§ Work task
Your task is to retype every entry exactly while omitting the pictures.

************

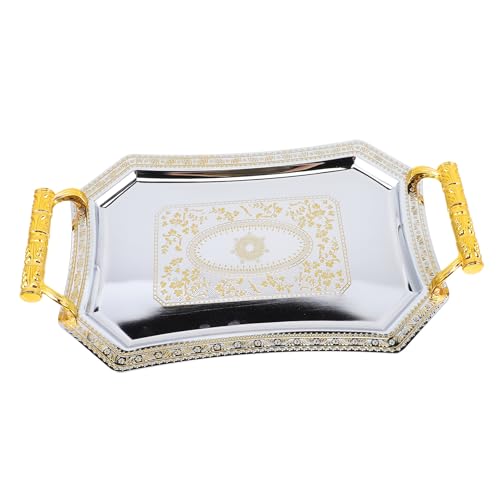 Mikinona Desktop Fruit Tray Stainless Steel Fruit Serving Platter for Snacks Cakes Nuts Candies Home Parties Weddings Picnics 11.02 X 7.87 X 1.37 in
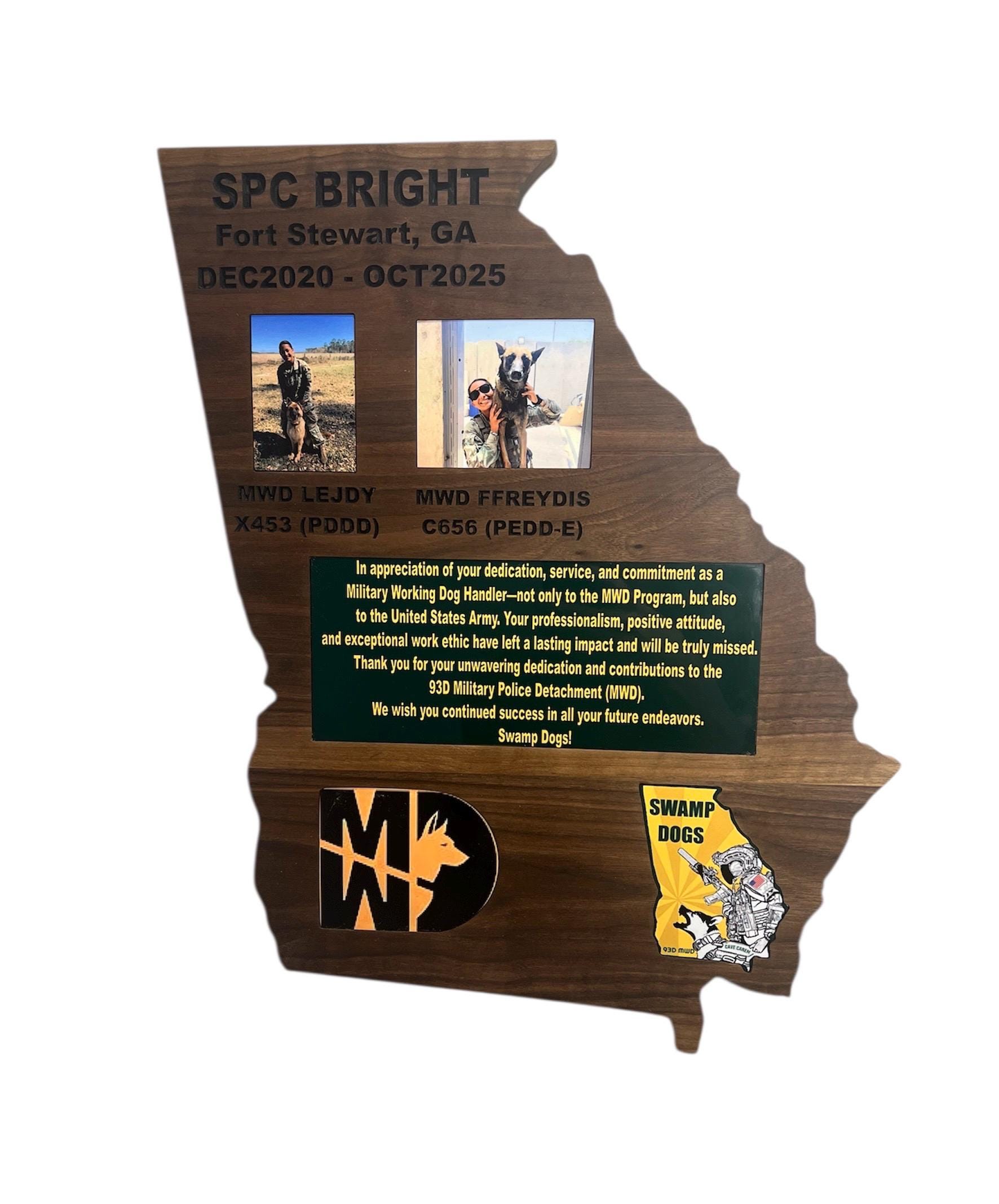 Any State Cutout PCS-ETS-Retirement Plaque-Black Walnut Hardwood-Customizable Design with Logos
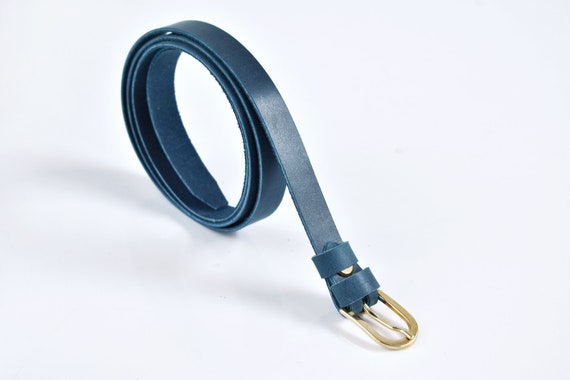 Leather Belt Blue Leather Belt Womens Leather Belt Belt 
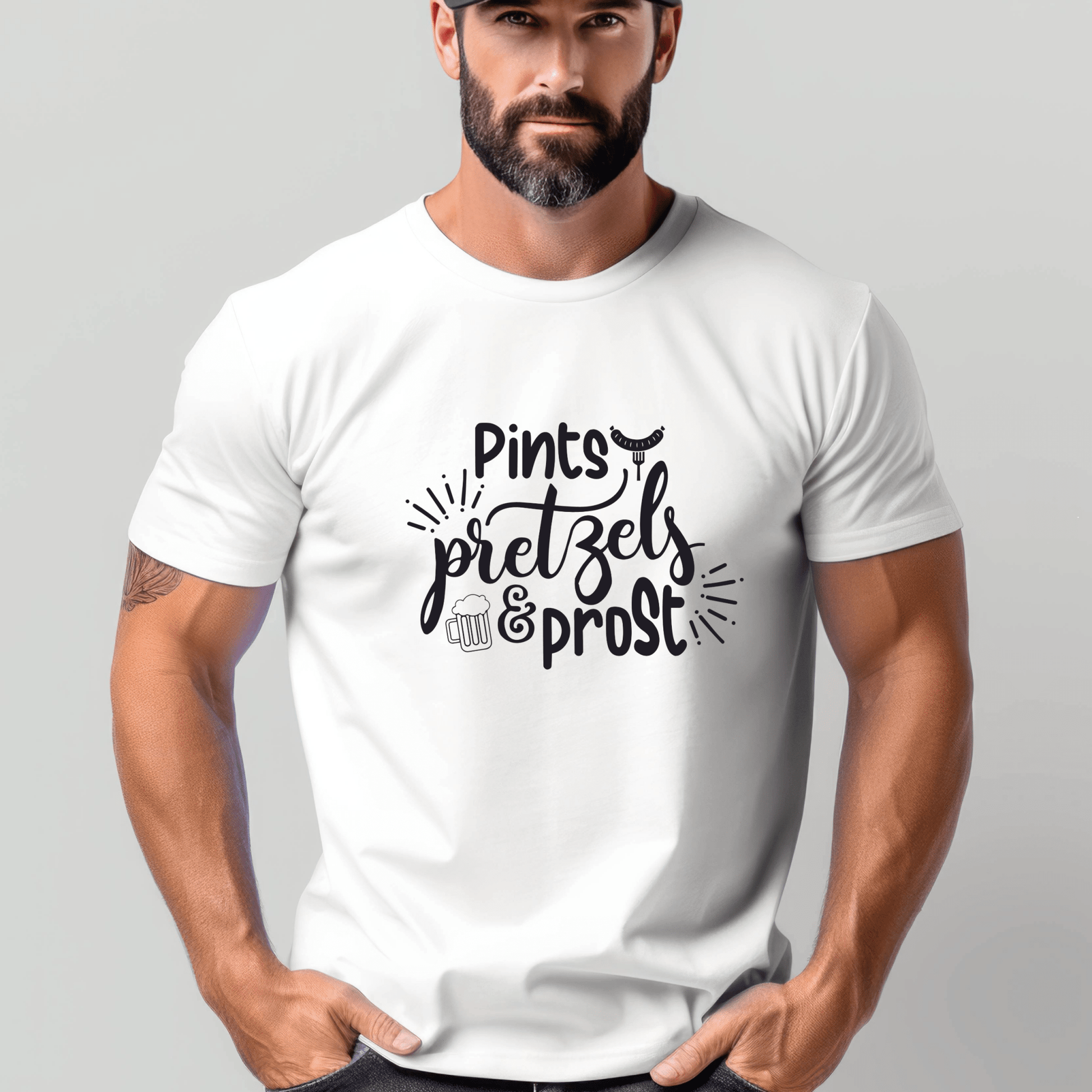 Oktoberfest Cheers! Pints Pretzels and Prost V - Neck or Crew Neck T-Shirt - Your Choice (Copy) - secapparelonline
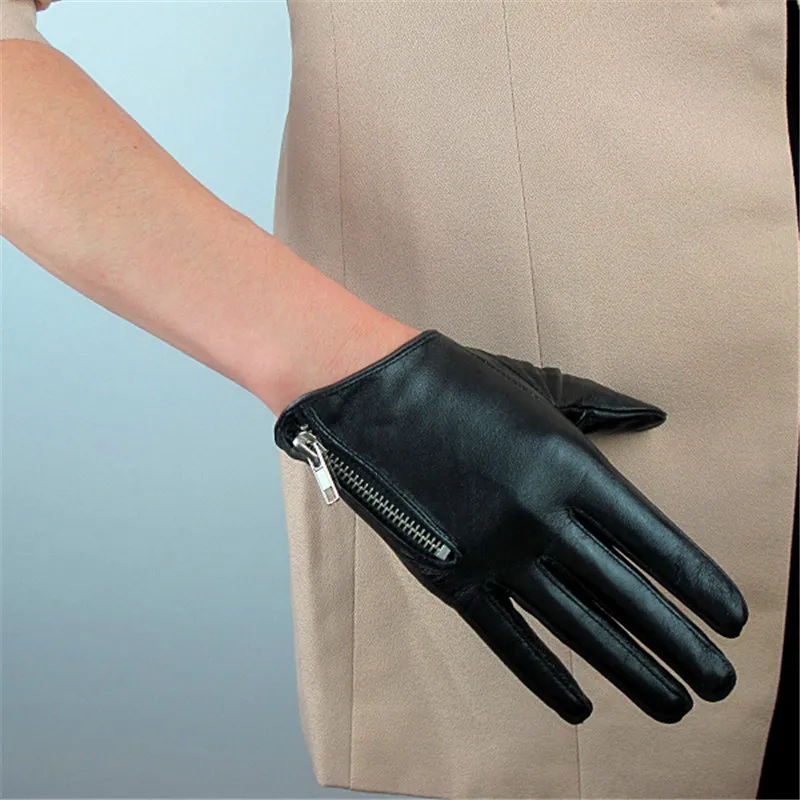 

Перчатки женские короткие из натуральной овечьей кожи, на молнии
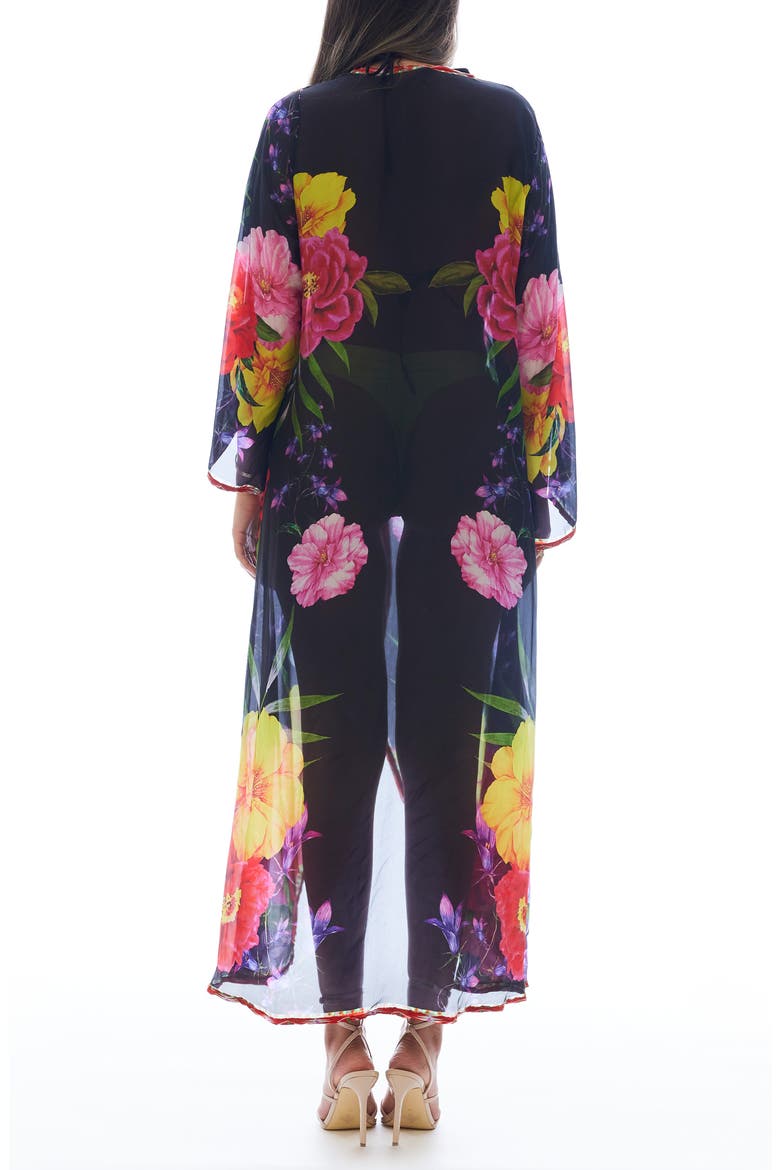Floral Longline Duster, Alternate, color, BLACK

************

§ Task answer
 Mikinona Desktop Fruit Tray Stainless Steel Fruit Serving Platter for Snacks Cakes Nuts Candies Home Parties Weddings Picnics 11.02 X 7.87 X 1.37 in
 Any State Cutout PCS-ETS-Retirement Plaque-Black Walnut Hardwood-Customizable Design with Logos
 Leather Belt Blue Leather Belt Womens Leather Belt Belt 
 Oktoberfest Cheers! Pints Pretzels and Prost V - Neck or Crew Neck T-Shirt - Your Choice (Copy) - secapparelonline

Перчатки женские короткие из натуральной овечьей кожи, на молнии
Floral Longline Duster, Alternate, color, BLACK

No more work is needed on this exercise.